▶ **EXERCISE**: Reproduce the listing below as it stands. Leave out each image.

▶ **RECORDED INFORMATION**:
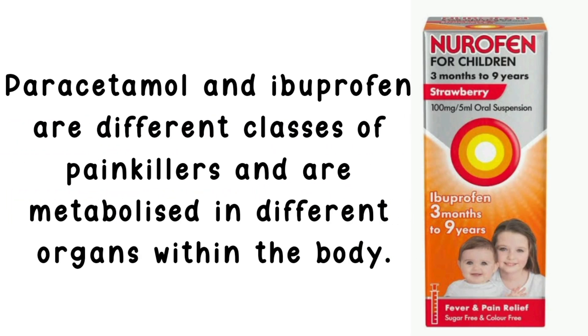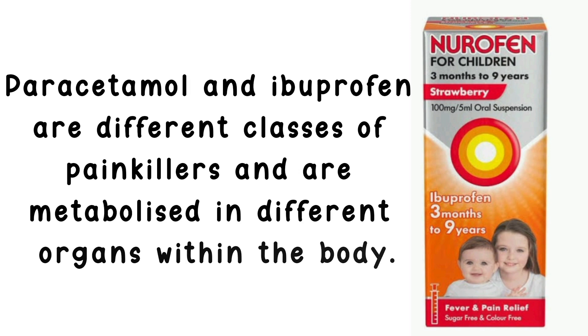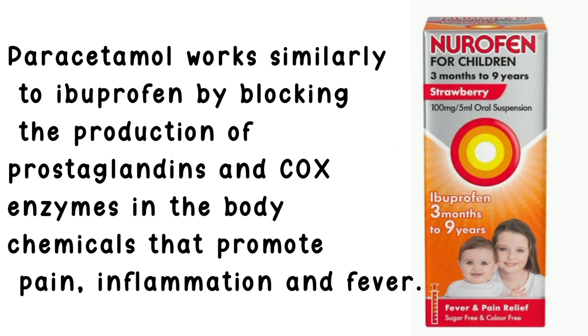Paracetamol and ibuprofen are different classes of painkillers and are metabolized in different organs within the body. Paracetamol works similarly to ibuprofen by blocking the production of prostaglandins and COX enzymes in the body — chemicals that promote pain, inflammation and fever.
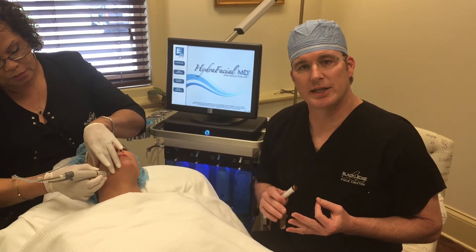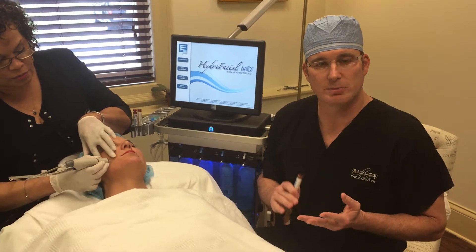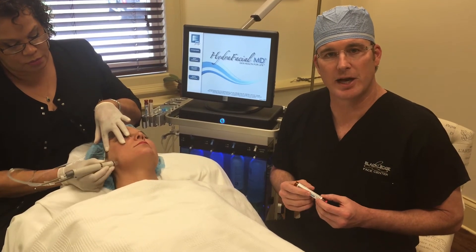The hydrofacial does three things. It cleanses the skin using an ultrasonic brush, and then it actually infuses the skin with hormones, peptides, acids, and vitamins, so that the skin actually plumps itself as the procedure is being done.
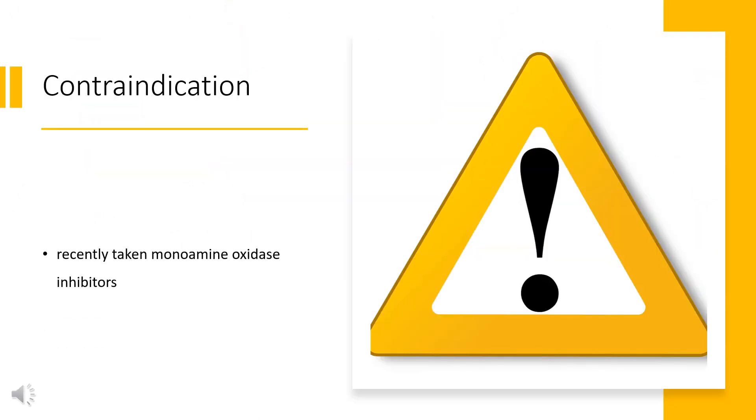Contraindication: Viloxazine is contraindicated in patients who are currently taking or have recently taken monoamine oxidase inhibitors, because the combination could induce a life-threatening hypertensive crisis.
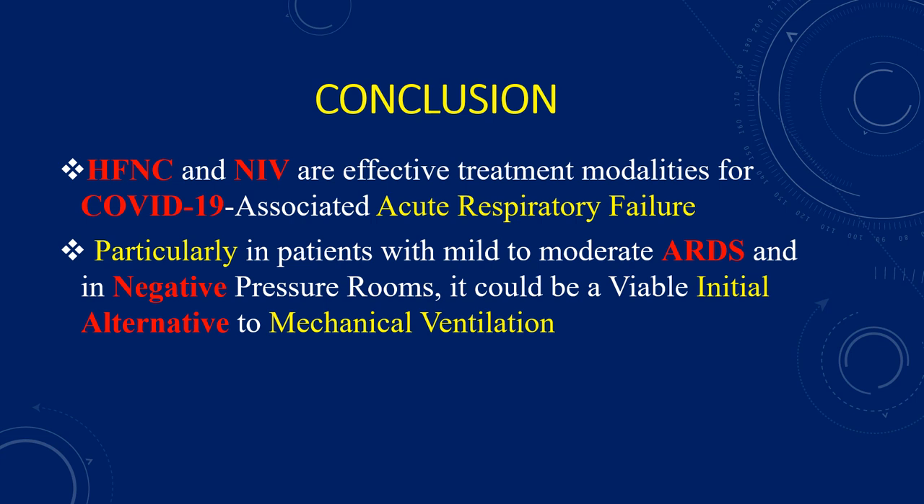In conclusion, high-flow nasal cannula oxygen and NIV are effective treatment modalities for COVID-19 associated acute respiratory failure, particularly in patients with mild to moderate ARDS, and in negative pressure rooms, could be a viable initial alternative to mechanical ventilation.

▶ **REPLY**:
Paracetamol and ibuprofen are different classes of painkillers and are metabolized in different organs within the body. Paracetamol works similarly to ibuprofen by blocking the production of prostaglandins and COX enzymes in the body — chemicals that promote pain, inflammation and fever.
The hydrofacial does three things. It cleanses the skin using an ultrasonic brush, and then it actually infuses the skin with hormones, peptides, acids, and vitamins, so that the skin actually plumps itself as the procedure is being done.
Contraindication: Viloxazine is contraindicated in patients who are currently taking or have recently taken monoamine oxidase inhibitors, because the combination could induce a life-threatening hypertensive crisis.
In conclusion, high-flow nasal cannula oxygen and NIV are effective treatment modalities for COVID-19 associated acute respiratory failure, particularly in patients with mild to moderate ARDS, and in negative pressure rooms, could be a viable initial alternative to mechanical ventilation.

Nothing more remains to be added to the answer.